* [What the task asks]:
Beginning with the first entry, print all the records exactly.

Web page caption snippets
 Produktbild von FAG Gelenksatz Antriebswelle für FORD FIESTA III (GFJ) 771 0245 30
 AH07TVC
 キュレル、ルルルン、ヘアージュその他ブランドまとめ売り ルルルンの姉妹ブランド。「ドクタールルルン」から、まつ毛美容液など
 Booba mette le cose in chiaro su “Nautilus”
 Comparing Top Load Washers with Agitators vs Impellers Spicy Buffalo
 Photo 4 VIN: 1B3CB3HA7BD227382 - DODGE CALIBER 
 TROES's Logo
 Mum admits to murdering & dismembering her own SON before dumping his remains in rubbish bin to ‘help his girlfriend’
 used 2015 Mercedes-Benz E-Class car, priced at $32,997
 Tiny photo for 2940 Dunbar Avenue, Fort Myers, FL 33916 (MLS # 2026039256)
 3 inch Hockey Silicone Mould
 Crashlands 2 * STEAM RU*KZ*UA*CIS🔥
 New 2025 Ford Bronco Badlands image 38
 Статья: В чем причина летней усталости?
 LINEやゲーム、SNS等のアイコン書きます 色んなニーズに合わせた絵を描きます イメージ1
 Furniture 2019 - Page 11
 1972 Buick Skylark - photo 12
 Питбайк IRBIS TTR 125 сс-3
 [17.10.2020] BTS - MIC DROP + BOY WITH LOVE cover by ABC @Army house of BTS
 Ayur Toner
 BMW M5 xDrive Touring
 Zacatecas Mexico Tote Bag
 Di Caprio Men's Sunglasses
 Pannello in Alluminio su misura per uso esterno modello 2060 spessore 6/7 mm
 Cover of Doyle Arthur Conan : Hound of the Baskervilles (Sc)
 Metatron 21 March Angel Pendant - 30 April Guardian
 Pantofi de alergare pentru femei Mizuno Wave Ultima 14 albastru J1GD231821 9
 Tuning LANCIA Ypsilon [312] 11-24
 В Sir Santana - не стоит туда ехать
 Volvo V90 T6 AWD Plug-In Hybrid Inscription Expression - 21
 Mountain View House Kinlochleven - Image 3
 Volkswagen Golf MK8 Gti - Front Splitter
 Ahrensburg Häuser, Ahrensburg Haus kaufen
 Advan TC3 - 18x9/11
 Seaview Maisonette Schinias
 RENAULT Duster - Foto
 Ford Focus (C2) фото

* [Response box]:
 Produktbild von FAG Gelenksatz Antriebswelle für FORD FIESTA III (GFJ) 771 0245 30
 AH07TVC
 キュレル、ルルルン、ヘアージュその他ブランドまとめ売り ルルルンの姉妹ブランド。「ドクタールルルン」から、まつ毛美容液など
 Booba mette le cose in chiaro su “Nautilus”
 Comparing Top Load Washers with Agitators vs Impellers Spicy Buffalo
 Photo 4 VIN: 1B3CB3HA7BD227382 - DODGE CALIBER 
 TROES's Logo
 Mum admits to murdering & dismembering her own SON before dumping his remains in rubbish bin to ‘help his girlfriend’
 used 2015 Mercedes-Benz E-Class car, priced at $32,997
 Tiny photo for 2940 Dunbar Avenue, Fort Myers, FL 33916 (MLS # 2026039256)
 3 inch Hockey Silicone Mould
 Crashlands 2 * STEAM RU*KZ*UA*CIS🔥
 New 2025 Ford Bronco Badlands image 38
 Статья: В чем причина летней усталости?
 LINEやゲーム、SNS等のアイコン書きます 色んなニーズに合わせた絵を描きます イメージ1
 Furniture 2019 - Page 11
 1972 Buick Skylark - photo 12
 Питбайк IRBIS TTR 125 сс-3
 [17.10.2020] BTS - MIC DROP + BOY WITH LOVE cover by ABC @Army house of BTS
 Ayur Toner
 BMW M5 xDrive Touring
 Zacatecas Mexico Tote Bag
 Di Caprio Men's Sunglasses
 Pannello in Alluminio su misura per uso esterno modello 2060 spessore 6/7 mm
 Cover of Doyle Arthur Conan : Hound of the Baskervilles (Sc)
 Metatron 21 March Angel Pendant - 30 April Guardian
 Pantofi de alergare pentru femei Mizuno Wave Ultima 14 albastru J1GD231821 9
 Tuning LANCIA Ypsilon [312] 11-24
 В Sir Santana - не стоит туда ехать
 Volvo V90 T6 AWD Plug-In Hybrid Inscription Expression - 21
 Mountain View House Kinlochleven - Image 3
 Volkswagen Golf MK8 Gti - Front Splitter
 Ahrensburg Häuser, Ahrensburg Haus kaufen
 Advan TC3 - 18x9/11
 Seaview Maisonette Schinias
 RENAULT Duster - Foto
 Ford Focus (C2) фото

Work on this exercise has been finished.